Walt Brown, hydroplate creationist, 1937-2025

Dr Walt Brown, the tireless promoter of hydroplate theory—one version of young-Earth creationist geology—died and went to be with his savior on September 27, 2025.

I’ll start by saying that though I think Walt Brown was wrong about many things, he was likely right about what is most important: Christ is the resurrection and the life, and the one who trusts in Christ will live, even though he dies (John 11:25-26). We all get some things wrong (sometimes very wrong), but God’s grace is not only greater than our sins, but greater than our ignorance and promotion of really bad arguments in defense of the truthfulness of the Bible.

Hydroplate theory (HT) is a young-Earth creationist attempt to explain Earth and solar system geology based on the fountains of the deep mentioned in the flood account in Genesis 7:11:

“In the six hundredth year of Noah’s life, in the second month, on the seventeenth day of the month, on that day all the fountains of the great deep burst forth, and the windows of the heavens were opened.” (ESV)

Brown’s entire HT model is highly speculative, even by young-Earth creationist standards. Brown posited that before Noah’s flood, the entirety of Earth’s crust was granitic, and that there was a massive layer of water trapped about 10 miles beneath Earth’s surface. What is now the basaltic seafloor was positioned beneath this water reservoir. At the beginning of the flood, cracks developed in Earth’s crust, and supersonic jets of steam shot up into Earth’s atmosphere and beyond. Much of this then fell back to Earth as heavy rainfall during the flood. These jets also shot mantle rocks into space, forming craters on the moon, and formed many (or all) of the asteroids. The cracks eventually became mid-ocean ridges. Continental drift didn’t involve lithospheric plates carried along atop the asthenosphere, but granitic continents floating on the remaining subterranean water layer, hence the name “hydroplates.” As the mid-ocean ridges elevated, the continents slid away to their present positions. Uranium and other heavy elements did not exist in the original crust but formed by nuclear reactions in the crust during Noah’s flood. Mountain ranges formed as these sliding continents collided with one another. An important fossil sorting mechanism in HT was liquefaction of sediments, by which some layers injected between deeper layers.

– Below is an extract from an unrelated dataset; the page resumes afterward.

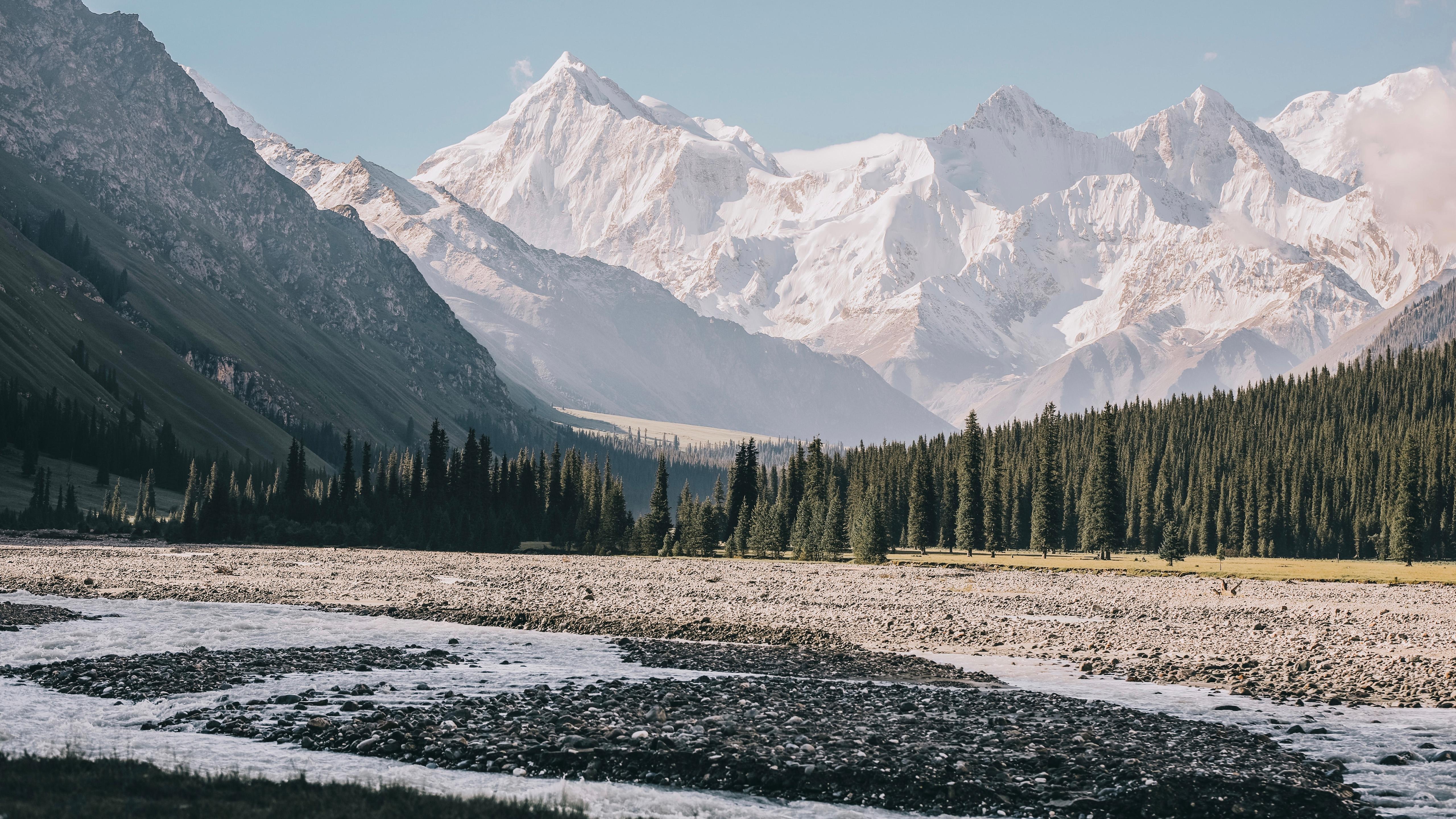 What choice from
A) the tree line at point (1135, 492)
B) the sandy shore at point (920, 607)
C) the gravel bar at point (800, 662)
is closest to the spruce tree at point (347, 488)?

I won’t get into a detailed critique and analysis of HT here. My basic assessment is that it is out there on the fringe of young-Earth creationism. It is significant that not a single young-Earth creationist geologist or astronomer who works or writes for Answers in Genesis, the Institute for Creation Research, or Creation Ministries International, accepts or promotes HT. If Walt Brown could not convince young-Earth creationist geologists that HT is worthy of serious consideration, how likely is it that HT will convince any non-Christian geologists? Pretty close to zero. Despite this, HT has a very loyal following among young-Earth creationists on social media and elsewhere. It is not uncommon to see comments in young-Earth Facebook pages where someone says, “Read Brown’s book; it explains everything.” I suspect very few of these people have the background needed to honestly assess HT, and most are unaware of the almost complete lack of support for HT among young-Earth creationist scientists.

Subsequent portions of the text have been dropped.